3071 records, usage: {
  rss: '57.05 MB -> Resident Set Size - total memory allocated for the process execution',
  heapTotal: '9.55 MB -> total size of the allocated heap',
  heapUsed: '6.13 MB -> actual memory used during the execution',
  external: '1.81 MB -> V8 external memory'
}
522597 records, usage: {
  rss: '63.27 MB -> Resident Set Size - total memory allocated for the process execution',
  heapTotal: '14.8 MB -> total size of the allocated heap',
  heapUsed: '11.16 MB -> actual memory used during the execution',
  external: '4.27 MB -> V8 external memory'
}
2175923 records, usage: {
  rss: '65.08 MB -> Resident Set Size - total memory allocated for the process execution',
  heapTotal: '15.05 MB -> total size of the allocated heap',
  heapUsed: '6.43 MB -> actual memory used during the execution',
  external: '1.91 MB -> V8 external memory'
}
wdavidw commented 2 months ago

Maybe I would need to change the async iterator approach to a stream approach but I'm not sure how this would be done,

Look at bec3f12072f47f2eaf7f67b25d081d292c36de26, It insert a transformer to stop the pipeline once a certain number of processed records is reached.

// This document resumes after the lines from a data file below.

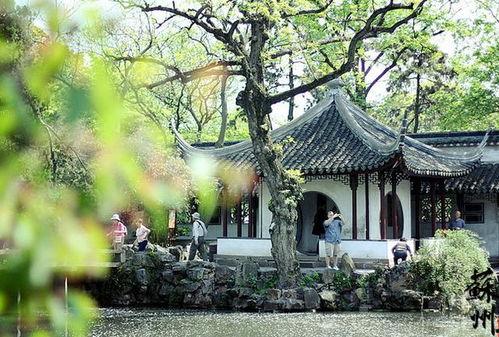 爆料苏州园林视频,古韵盎然,美不胜收的东方园林艺术 第2张 爆料苏州园林视频,古韵盎然,美不胜收的东方园林艺术 第2张
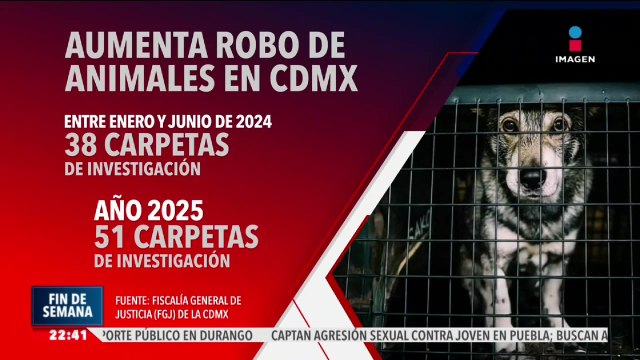 Aumenta el robo de mascotas en la CDMX; perros y gatos son las principales víctimas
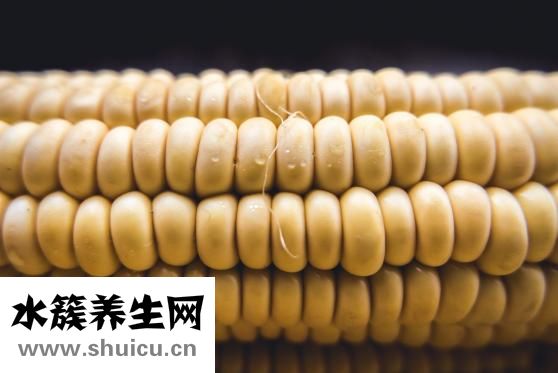 玉米煮多长时间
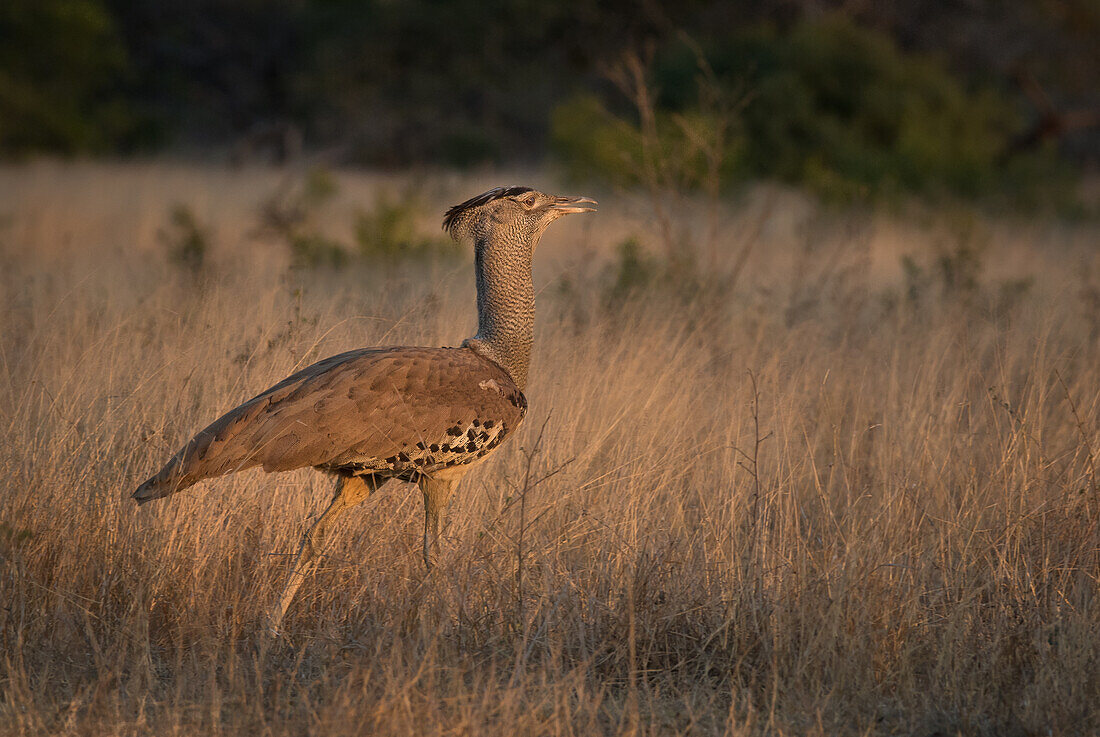 A Kori Bustard, Ardeotis kori, walks through the long grass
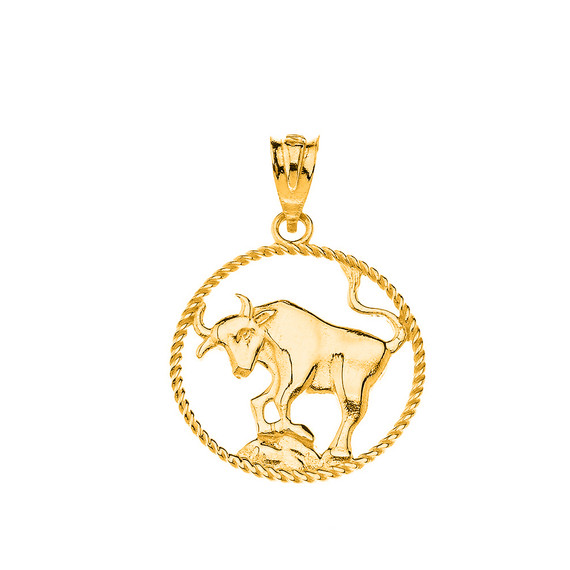 12 Astrological Zodiac Signs Rope Pendant Necklace in Solid Yellow Gold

obones commented 2 months ago

At last I found the issue! As I suspected, it's got nothing to do with your library which behaves as expected in buffering the content it receives because nothing is consuming it at the other end of the pipe. In my production code, this gives this: before

The difference with the test script that we exchanged about was the use of the stringifyer instance as the Body of an S3 transfer managed by an instance of the Upload class found in the @aws-sdk/lib-storage package, like this:

outputS3Options.Body = outputStringifyer;
let upload = new Upload(
    {
        client: s3,
        params: outputS3Options
    }
);

Following their example, I was calling await upload.done() at the very end of the loop. But contrary to what the method name led me to believe, the Upload class does not start processing data until done() has been called. So the solution was to call it before the loop, store its result into a variable and only call await on that promise after the loop has finished. When doing this, the memory usage is much more expected: after

In the end, if I had written my code with a "pipe only" approach instead of the "async operator", I would probably not have stumbled onto that behavior of the Upload class because production would only have started when done() starts doing its work.

Many thanks for your help and patience.

wdavidw commented 2 months ago

Happy to learn about the root cause, closing.

kelvinwop commented 2 months ago

2 million lines results in 50GB memory usage...

wdavidw commented 2 months ago

This is Javascript. Memory usage is the head size, around 10/20GB, 50GB is more about the allocated/reserved memory. It include the Node.js runtime and the buffer whose size is configurable. The parser in itself consume no memory at all.

kelvinwop commented 2 months ago

I used

const parser = fs.createReadStream('file.txt').pipe(parse({
  delimiter: '\t',
  skip_records_with_error: true,
}));

I fixed it by using the readline module to process the file in batches of 10000

  const fileStream = fs.createReadStream('file.txt');

  const rl = readline.createInterface({
    input: fileStream,
    crlfDelay: Infinity
  });

  let lines = new Array<string>();
  for await (const line of rl) {
    lines.push(line);
    if (lines.length > 10000) {
      processLines(lines);
      lines = [];
    }
  }

now the memory issue is gone

maybe worth adding as a feature if the detected file size is too large?

wdavidw commented 2 months ago

Detecting a large file size is out of scope with the library.